Yeah, I stopped using my head, using my head, let it all go.
Got you stuck on my body, on my body, like a tattoo.
And now I'm feeling stupid, feeling stupid, crawling back to you."
Keysha mendendangkan lagu maroon 5 dengan earphone terpasang di telinganya. Tubuhnya menghadap ke pintu kamar mandi.

"Rupanya karena ini kamu tak mendengar panggilanku," aku melepas earphone yang menggantung di telinga Keysha.

"Kian apa yang kamu lakukan disini?" Keysha memutar tubuhnya, terkejut dengan suaraku yang kini berdiri di belakangnya. Tangannya hampir saja melepaskan handuk yang membalut tubuhnya. Aku dengan cepat mengambil handuk yang hampir jatuh tadi dan melilitkan kembali di tubuh Keysha.

Keysha menyadari jika tanganku tak sengaja menyentuh tubuhnya yang telanjang. Pipinya spontan memerah.

"Kenapa pipimu memerah?" Godaku

"Siapa yang memerah? Kamu untuk apa kamu ke kamarku? Kamu nggak bisa mengetuk pintu dulu sebelum ke kamar orang? nggak sopan tau," Kesysha berpura-pura marah, ia tak berani memandangku. Aku tergelak melihat tingkahnya.

"Hei nona kecil, aku sudah memanggilmu puluhan kali tapi kamu tak juga menjawabnya. Karena pintu tak dikunci jadi aku langsung masuk. Lain kali kunci pintu kamarmu," aku memberinya peringatan sedikit keras.

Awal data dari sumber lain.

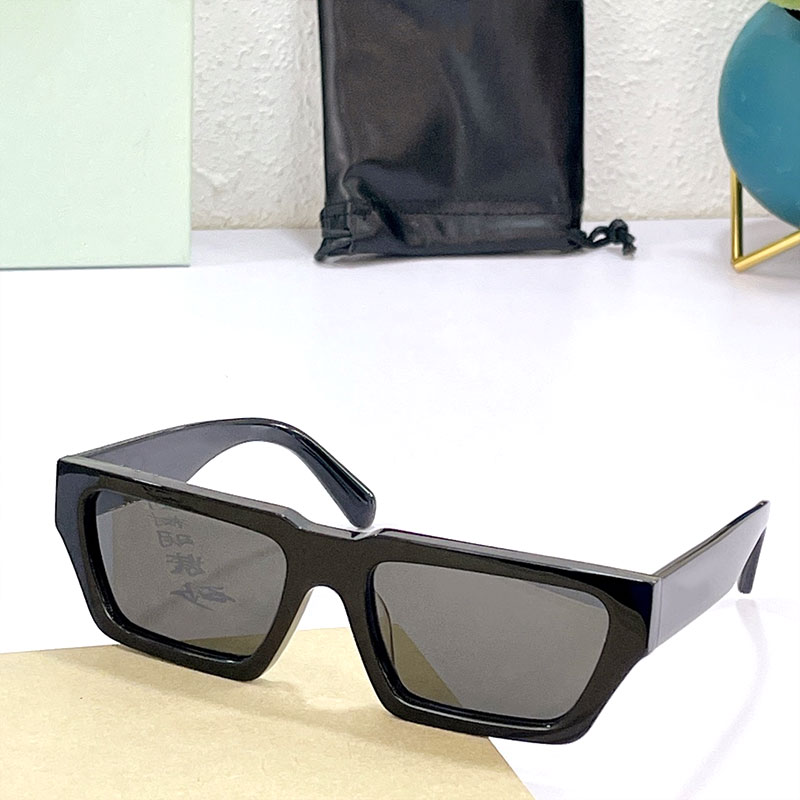 

High-quality Off Designer New Fashion Trend Mens and Womens Sunglasses Star Net Red Same Sunglassess WHITE Oer1002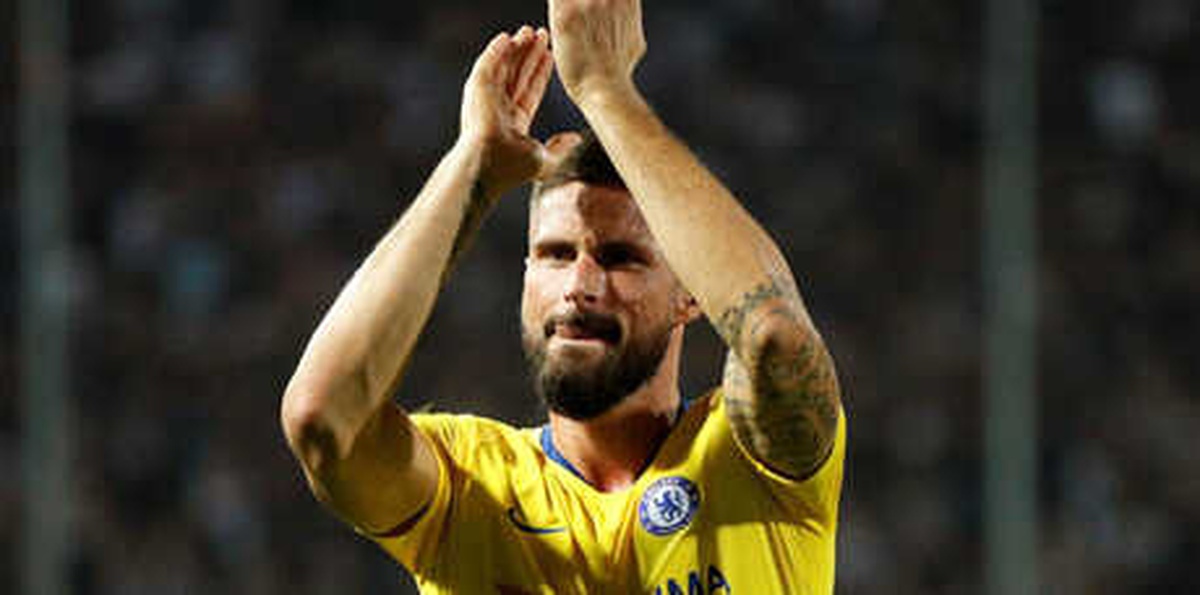 Olivier Giroud: "Beşiktaş ve Fenerbahçe\'ye..."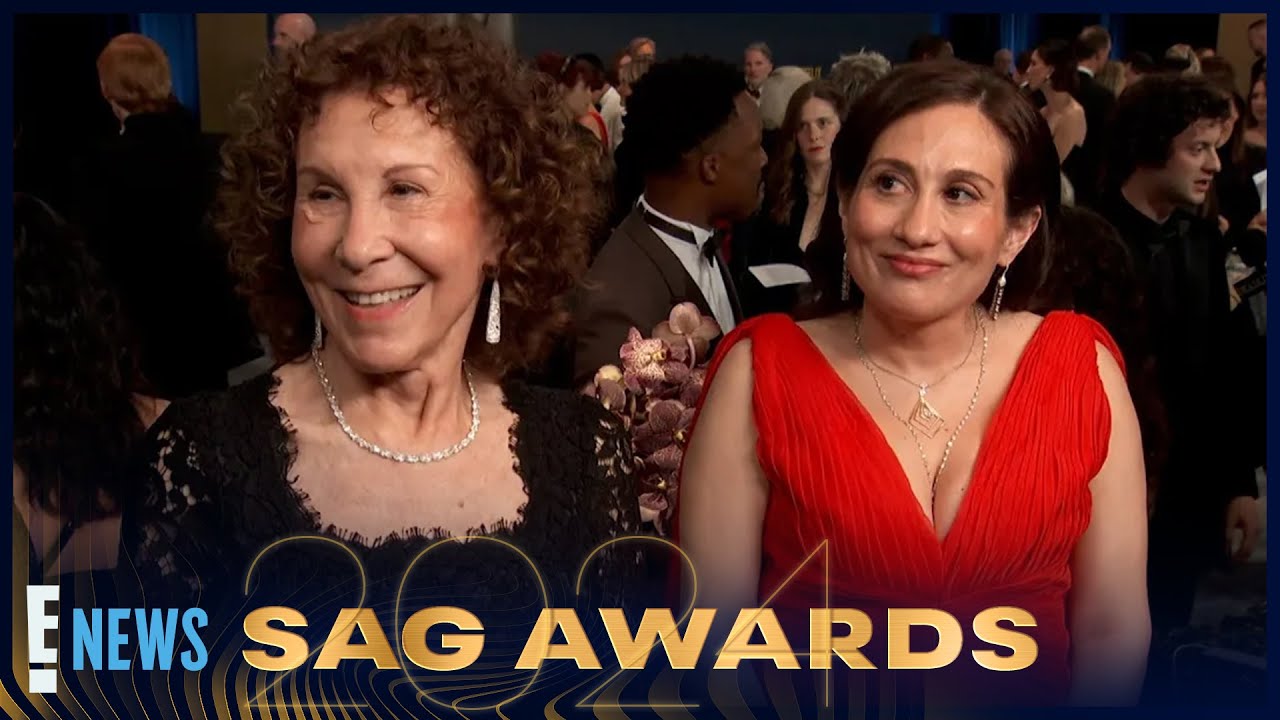 Rhea Perlman REVEALS Why Barbie Was The Best Movie Set She’s Ever Been on | 2024 SAG Awards
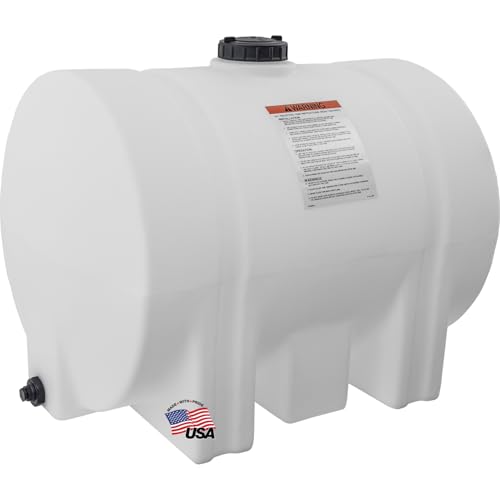 125 Gallon Polyethylene Storage Tank with Legs (125 Gallon)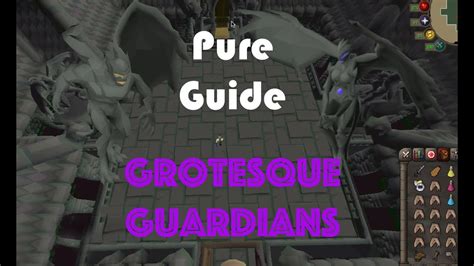 Even after the changes that the update brought, the fight remains quite simple and a good place to get into bossing! Grotesque Guardians - Pure Guide - YouTube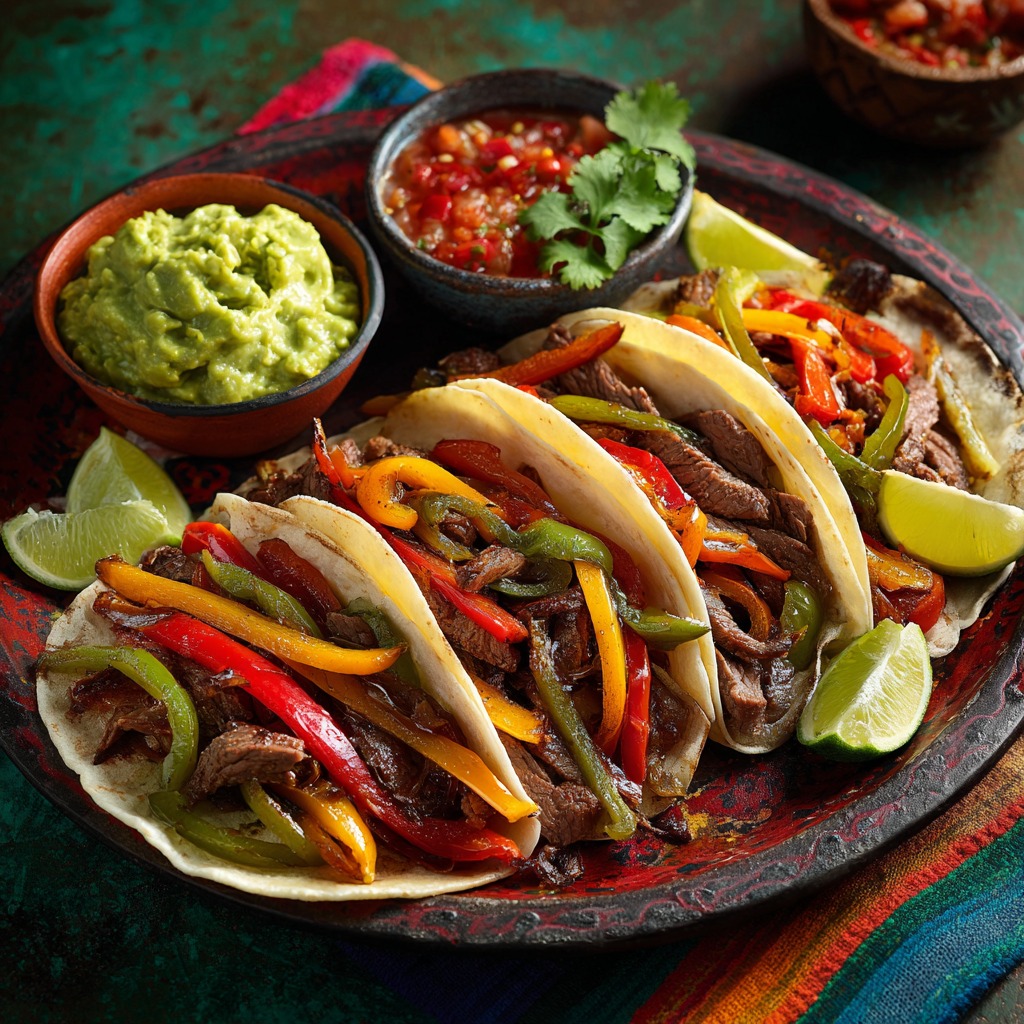 Lupe Tortilla Beef Fajita Recipe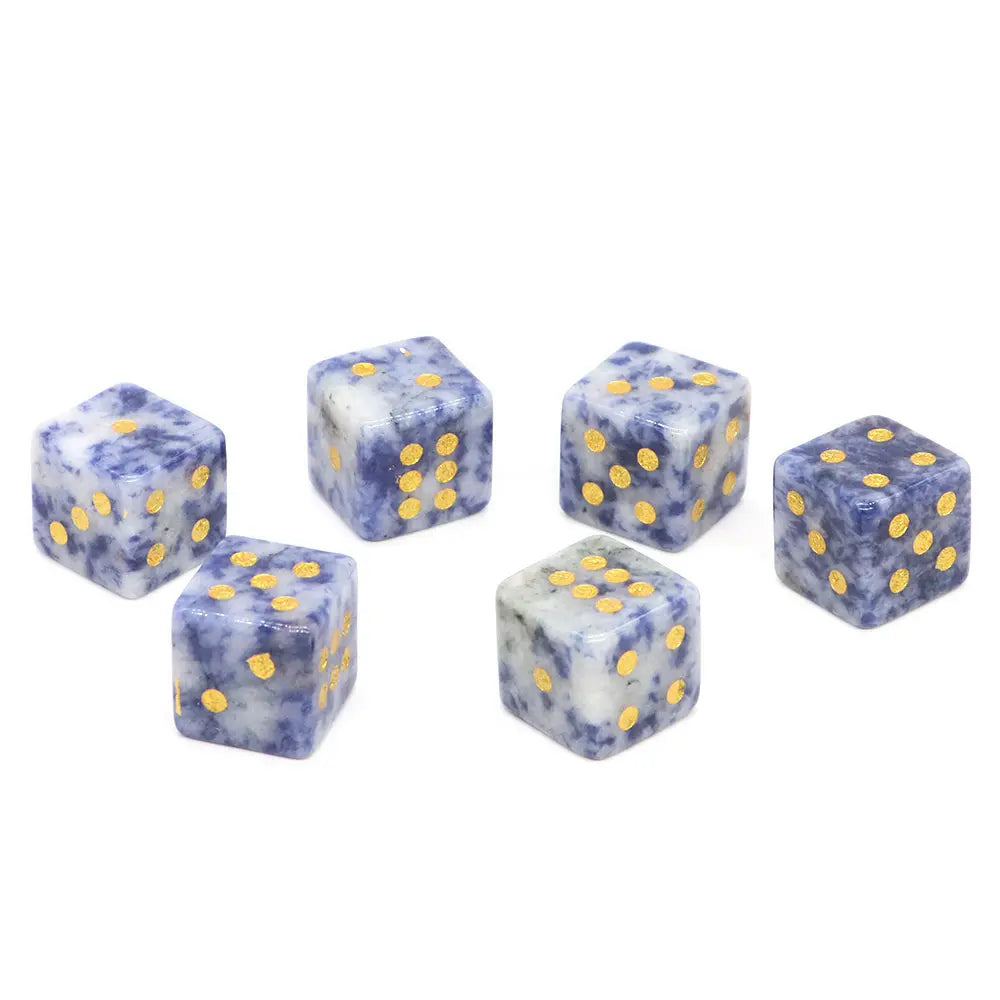 Crystal Gemstone Luxury Mahjong Dice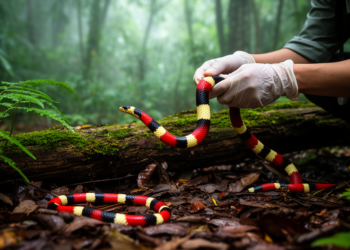 Lost Coral Snake Rediscovered in China and Vietnam After Nearly a Century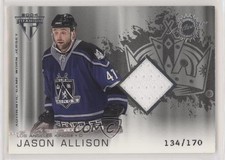 2003-04 Pacific Private Stock Titanium Retail 134/170 Jason Allison #159 0kn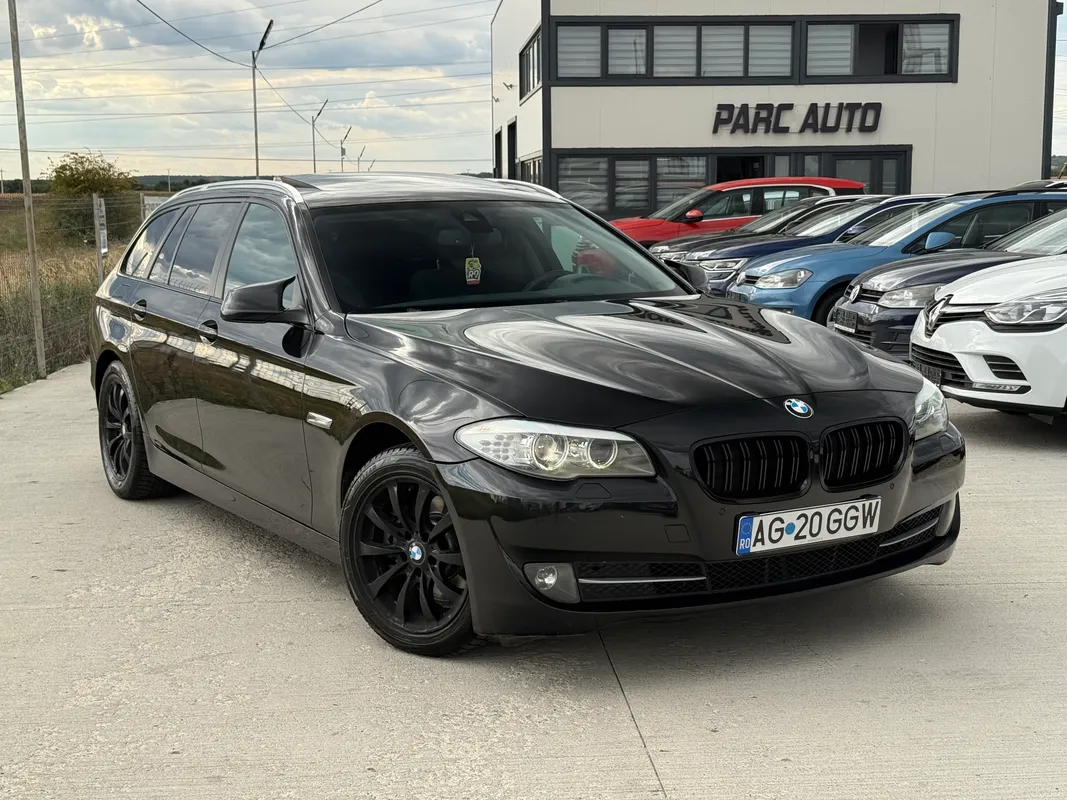 BMW Seria 5 F11 2013 second hand de vânzare – parc auto Pitești, Ianis Automobile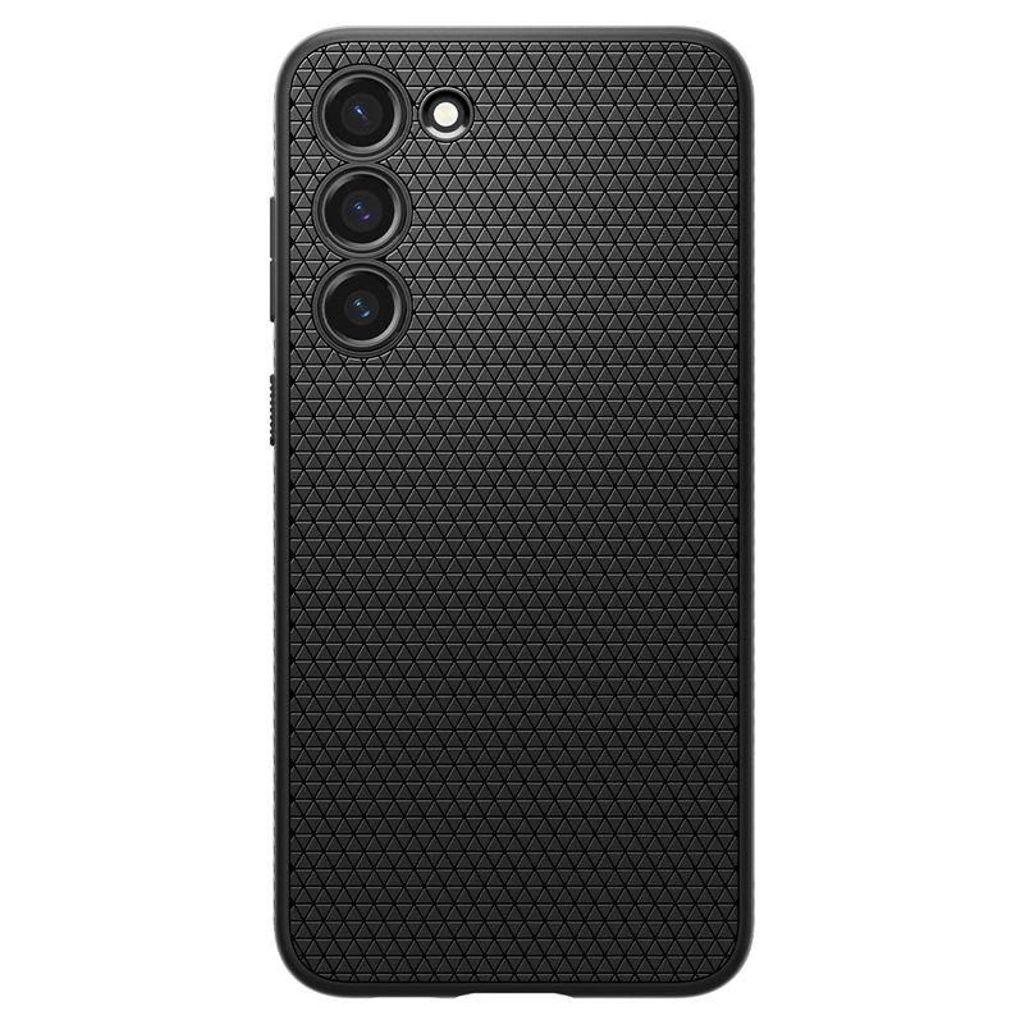 EU Product - Samsung Galaxy S23 Liquid Air Case - Matt Svart thumbnail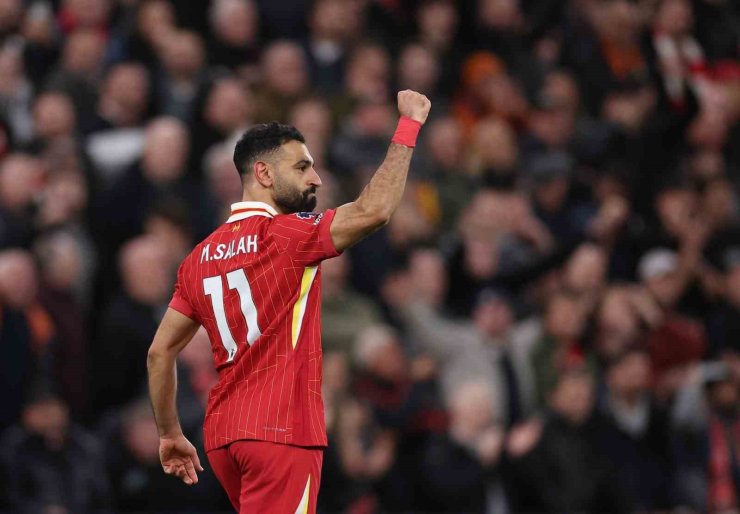 MOHAMED SALAH’TAN, 1 AYDA 8 GOL VE 7 ASİSTLİK PERFORMANS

"Untuk apa? Paling yang masuk kamarku itu mama, papa dan kak Frank. Cuma kamu yang berani masuk selain mereka," Keysha menjulurkan lidahnya keluar lalu berlalu dari hadapanku sambil memegang handuknya erat-erat.

Membayangkan tubuh Keysha tak mengenakan sehelai benangpun yang menutupinya membuat darahku berdesir, jantungku berdegup kencang, gairahku perlahan bangkit.

"Mendapat pemandangan yang indah dan gratis, big bos?" Keysha menggodaku saat ia menyadari tatapanku yang tak berkedip.

"Isshhhh apa-apaan kamu ini. Cepat pakai bajumu," aku berpura-pura tak tertarik padanya. Namun ekspresi yang ku tunjukkan tak mungkin dapat ku tutupi.

"Bagaimana aku bisa mengganti baju jika kamu tak keluar? Malu tau," Keysha berkacak pinggang.

"Hmmm sepertinya aku akan lebih senang menunggumu disini," lagi-lagi aku menggodanya.

"Lagipula kenapa harus malu. Aku kan sudah pernah melihat dan memegang...

"Kian..." Pekik Keysha sambil menutup mata lalu kedua telinganya dengan kedua tangannya.

Mendengar teriakannya malah makin membuatku senang untuk terus menggodanya. Aku mendekatinya. "Aku sudah pernah melihat dan memegang..." Ku biarkan kalimatku menggantung. Keysha membuka matanya pelan lalu mundur teratur saat melihatku mendekatinya.

Aku menaikkan alisku dan senyum licik bermain di bibirku. Rasakan kau gadis cilik, berani-beraninya kau menggodaku, kataku dalam hati.

Keysha terus mundur hingga ia tubuhnya membentur dinding yang ada di belakangnya. Wajahnya pucat pasi, aku sebenarnya tak tega tapi dia telah berani menantangku dengan tak mau mengunci pintu kamarnya. Keysha kembali menutup matanya, tangannya makin erat memegang handuk.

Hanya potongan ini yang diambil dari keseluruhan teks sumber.